Logo na primeira faixa, Na Praia da Espera, o ouvinte é imediatamente conduzido para um cenário onde as camadas de guitarras etéreas se entrelaçam com batidas que evocam tanto força quanto contemplação. A escolha dos timbres, a cadência dos riffs e a utilização de vozes abafadas criam uma atmosfera onde parece possível ouvir o vento cortando a pele e o som das ondas se misturando com distorções. A construção da música não é linear, mas cíclica, alternando momentos de peso com passagens mais etéreas, quase meditativas.
Costa Azul, a segunda faixa, aprofunda essa jornada sensorial, utilizando acordes que soam como
verdadeiros chamados para a vastidão. Aqui, há uma clara influência do blackgaze, especialmente no uso das guitarras em muro de som, que permanecem flutuando durante quase toda a composição. A bateria, embora precisa, não busca protagonismo; ela se apresenta como uma âncora rítmica, permitindo que as melodias se desenvolvam com fluidez. É possível perceber como Laurent consegue transformar sentimentos em paisagens sonoras, algo que poucos artistas dentro do metal atmosférico conseguem realizar com tanta coesão.
A faixa-título, Na Santa Paz da Aurora, talvez seja o ápice do disco. Desde os primeiros segundos, uma linha de guitarra suave estabelece um clima quase cerimonial. As camadas de som vão se sobrepondo de maneira orgânica, e a voz, muitas vezes utilizada mais como instrumento do que como portadora de palavras, surge como um sussurro distante, quase um eco vindo do horizonte. A música parece descrever não apenas um amanhecer literal, mas também um amanhecer simbólico, onde se percebe a chegada de uma nova fase, um novo estado de espírito. É um convite ao ouvinte para permanecer, ouvir e se deixar levar.
Por fim, Janaína encerra o álbum com uma abordagem que mescla melancolia e reverência. O título, uma referência direta à divindade das águas no sincretismo afro-brasileiro, traz consigo uma carga simbólica que se reflete diretamente na construção musical. Diferente das faixas anteriores, há aqui uma presença mais marcante de linhas melódicas limpas, que soam quase como uma despedida. É como se a embarcação, após atravessar mares revoltos e amanheceres dourados, finalmente ancorasse em um porto seguro, onde o silêncio e a brisa salgada tomam conta do ambiente.
O que torna este álbum particularmente notável é a sua capacidade de transcender os limites tradicionais do metal atmosférico. Laurent não se prende às fórmulas mais convencionais do gênero; ao contrário, ele expande as fronteiras, incorporando elementos que remetem tanto ao post-rock quanto a ambiências típicas de música eletrônica ambiental. Há uma preocupação evidente com os detalhes: cada reverberação, cada silêncio entre notas, cada mudança de dinâmica parece pensada para provocar sensações específicas.

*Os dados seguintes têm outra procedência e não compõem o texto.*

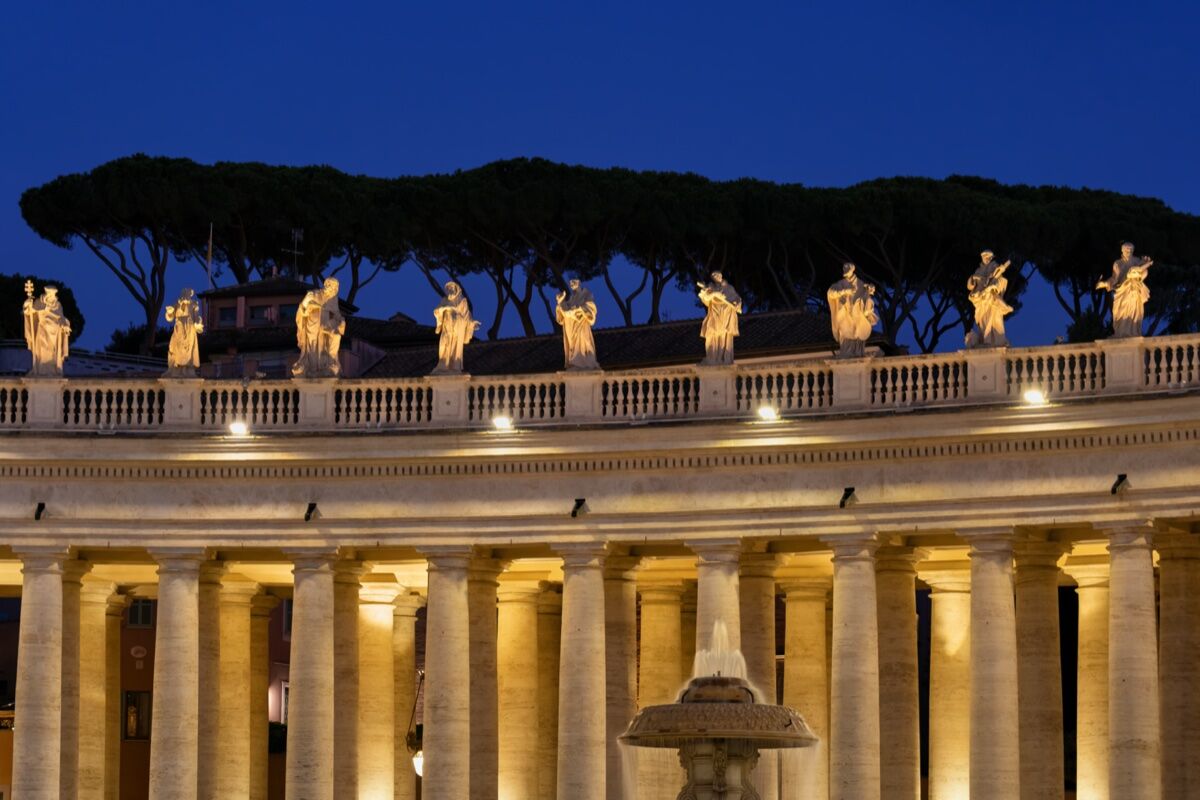 Tour Serale del Vaticano, di Rione Borgo e di Castel Sant'Angelo desktop picture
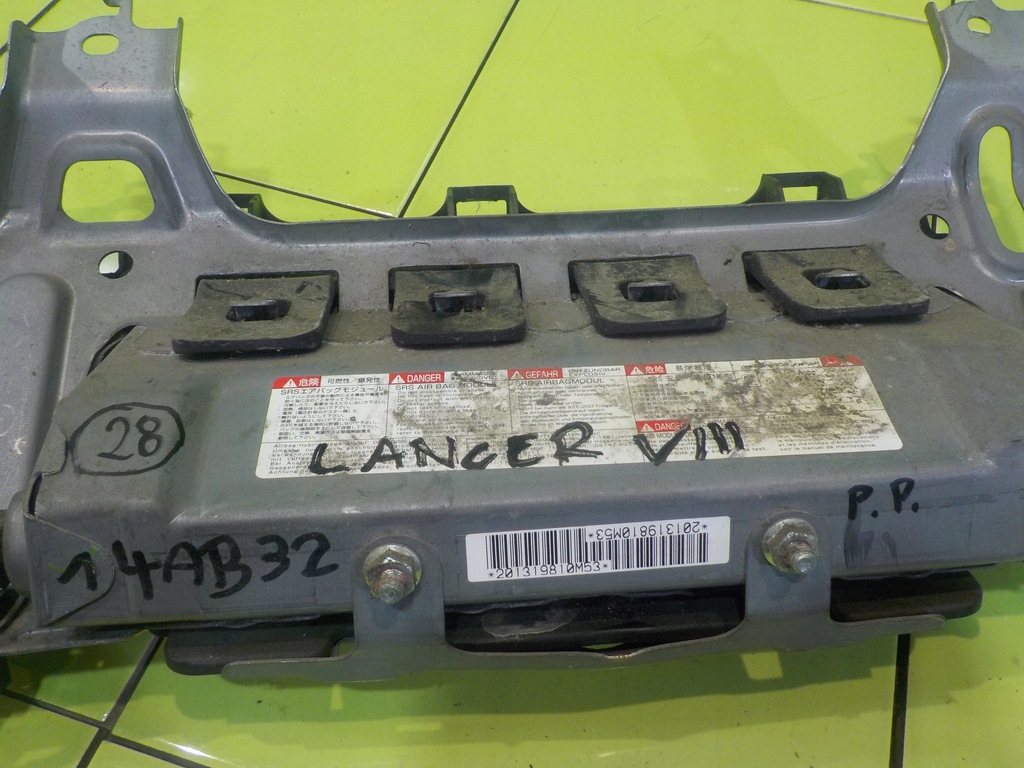 фото №6, Mitsubishi lancer viii x lift 10r подушка безпеки подушка колінна 201319810m53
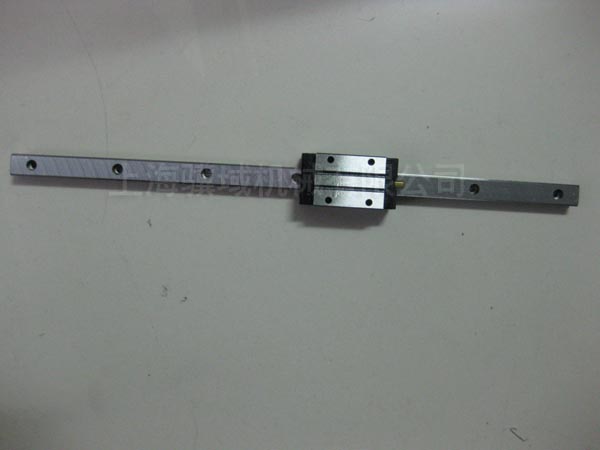 R82484030001 Linear guide wheel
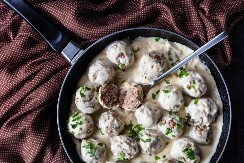 MIRISNE ĆUFTE U BEŠAMEL SOSU Klasik koji ne izlazi iz mode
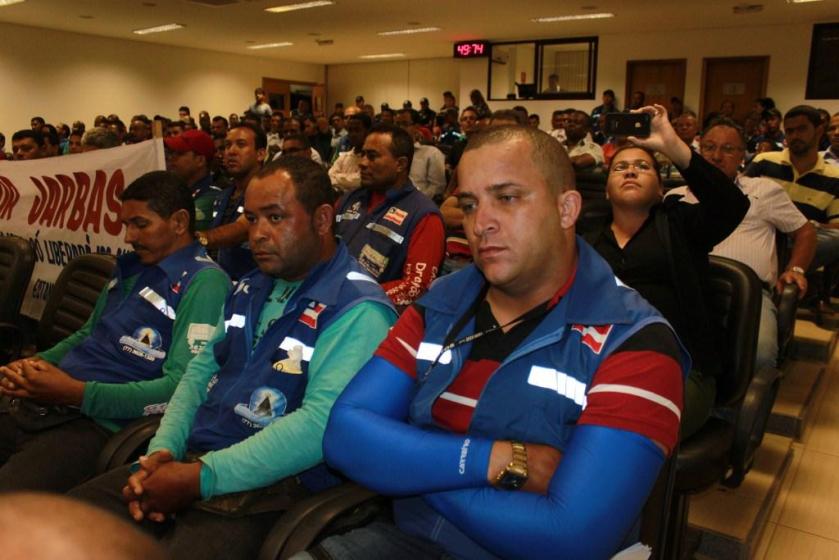 Silvano Oliveira, em primeiro plano,  presidente  da AMOTALEM, ouviu com atenção Jarbas Rocha dizer que não teme suas ameaças.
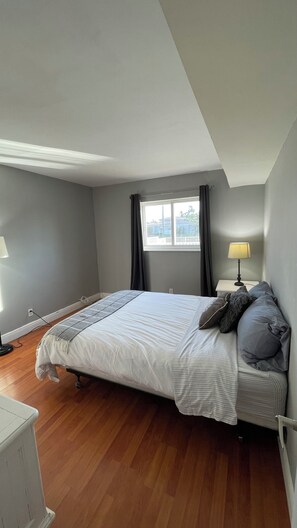 2 chambres, bureau, fer et planche à repasser, accès au Wi-Fi (inclus)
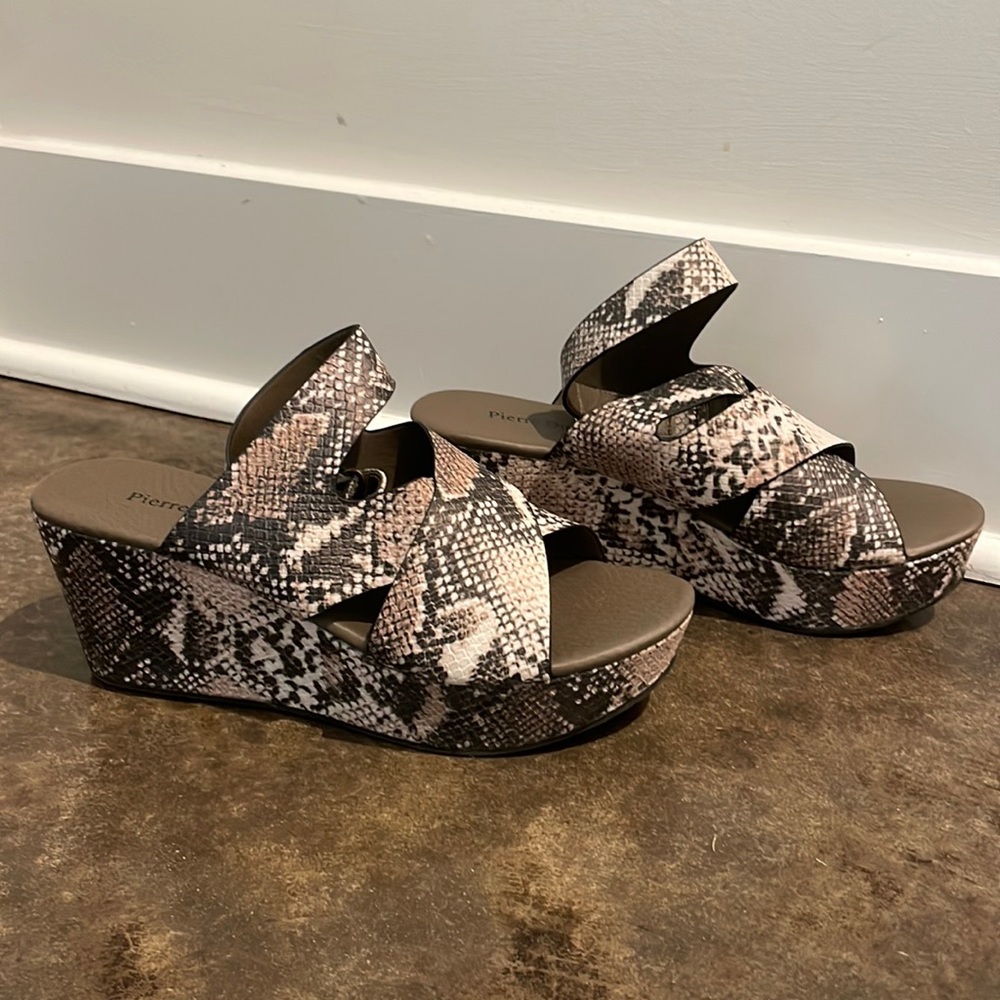 Pierre Dumas platforms. Never worn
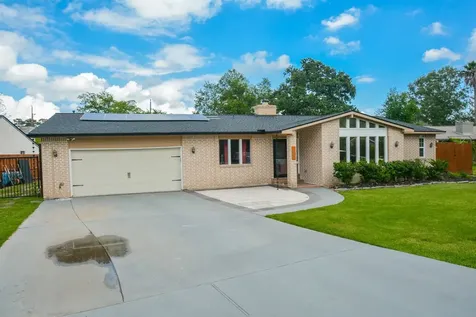 1402 Chestnut Ridge Road Kingwood TX 77339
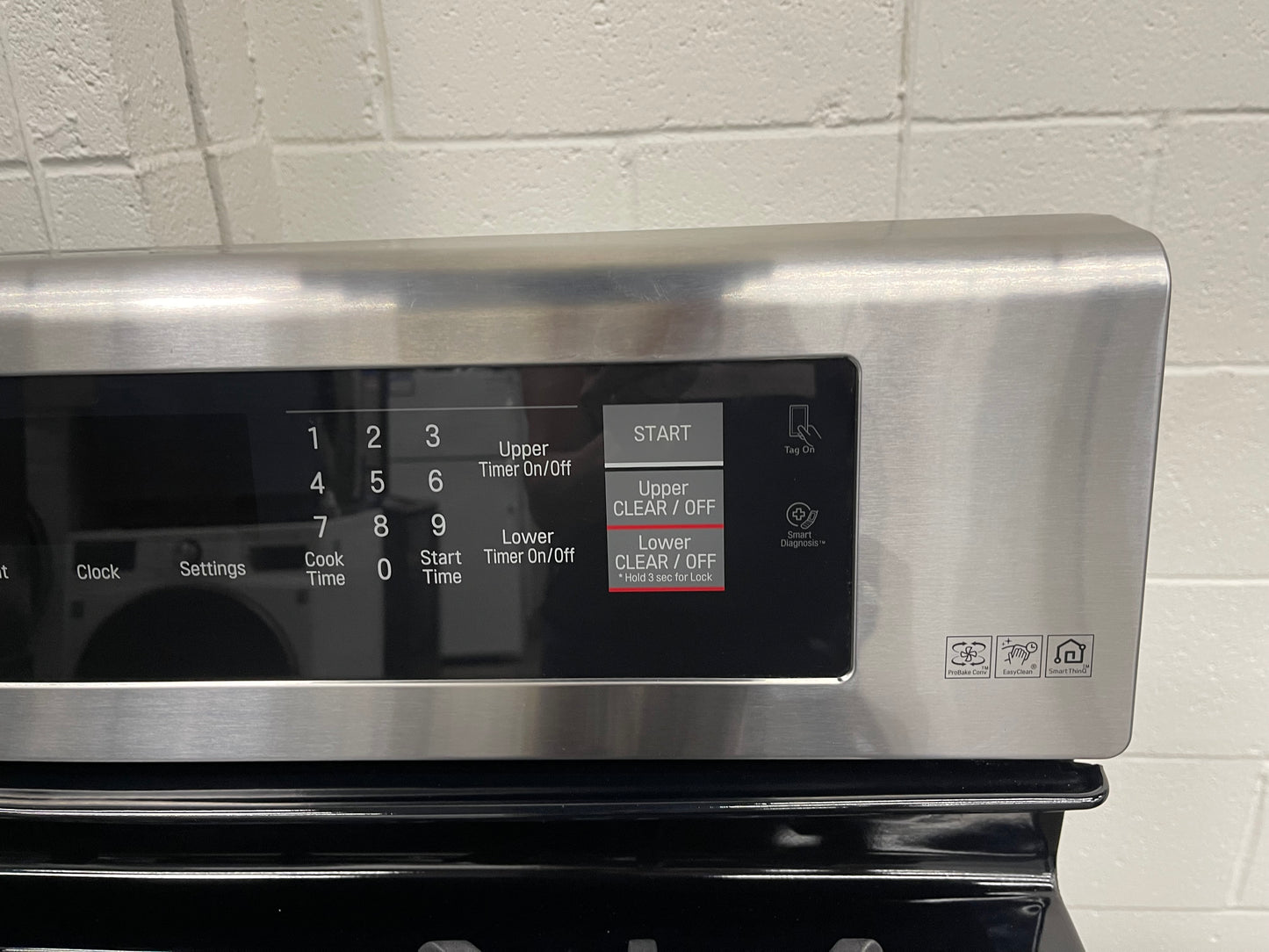 6.9 cu. ft. Gas Double Oven Range with ProBake Convection and EasyClean- Model:LDG4313ST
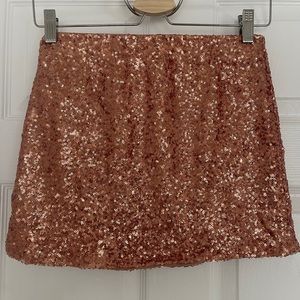 🔅 Sequin skirt, dark pink.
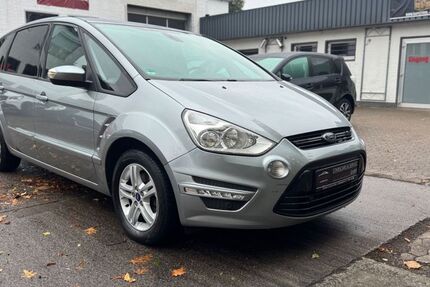 Ford S-Max 146.000 km 8.990 &euro; Lage 32791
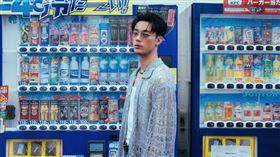 博文推出個人首本聲景寫真輯。（圖／華納音樂提供）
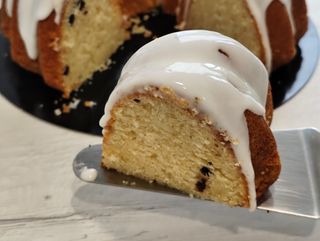 Bizcocho con glaseado de limon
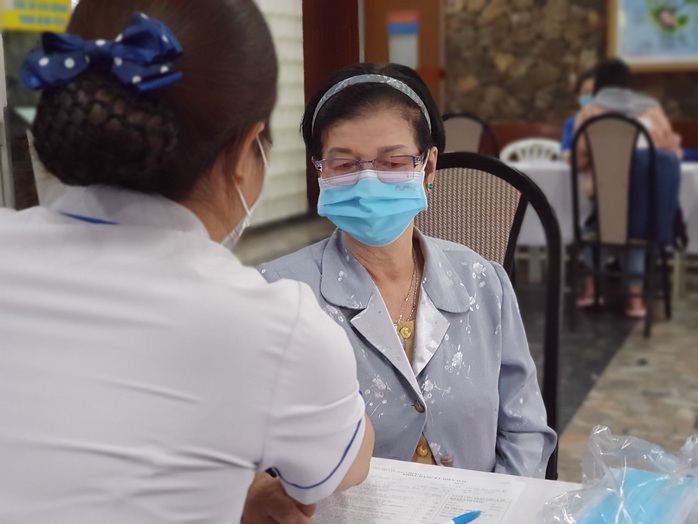 Giải cứu ngân hàng máu mùa Covid-19, hàng trăm y bác sĩ hiến máu tình nguyện - Ảnh 11.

Além da parte sonora, a escolha da temática é profundamente poética. Inspirado pelas viagens e relatos de Amyr Klink, o álbum funciona quase como um diário de bordo, onde cada faixa representa uma etapa da travessia. Mas não se trata apenas de uma travessia física. As letras, embora muitas vezes soterradas pelas camadas instrumentais, revelam passagens que falam de entrega, de coragem diante do desconhecido, de se lançar ao mar mesmo quando o destino ainda é incerto.
A produção do álbum é outro ponto que merece destaque. Apesar de ser um projeto independente, a qualidade sonora é extremamente bem cuidada. As guitarras soam cristalinas quando necessário e densas quando a proposta exige. A bateria, mixada de forma a nunca sobrepor os elementos melódicos, mantém um equilíbrio perfeito, reforçando os climas sem nunca roubar a cena. O baixo, embora mais discreto, cumpre um papel fundamental na sustentação harmônica e na criação de texturas mais profundas. A participação de Falcão nas guitarras e vocais adiciona uma camada extra de riqueza, trazendo variações sutis que ampliam o leque de emoções presentes no trabalho.
Ao longo dos seus 28 minutos, Na Santa Paz da Aurora se estabelece não apenas como um álbum, mas como uma experiência sensorial e quase cinematográfica. Cada faixa funciona como um capítulo de uma história maior, onde o ouvinte não é apenas espectador, mas também navegante dessa travessia. A escolha de finalizar o álbum com Janaína não parece aleatória; ela fecha um ciclo, remetendo tanto à origem quanto ao destino, ao retorno para casa após uma longa jornada de descobertas e superações. O silêncio que surge após os últimos acordes é carregado de significado, como se o próprio mar, após horas de conversa em ondas e ventos, simplesmente decidisse se calar, permitindo que apenas a memória do que foi vivido ecoe no espaço vazio.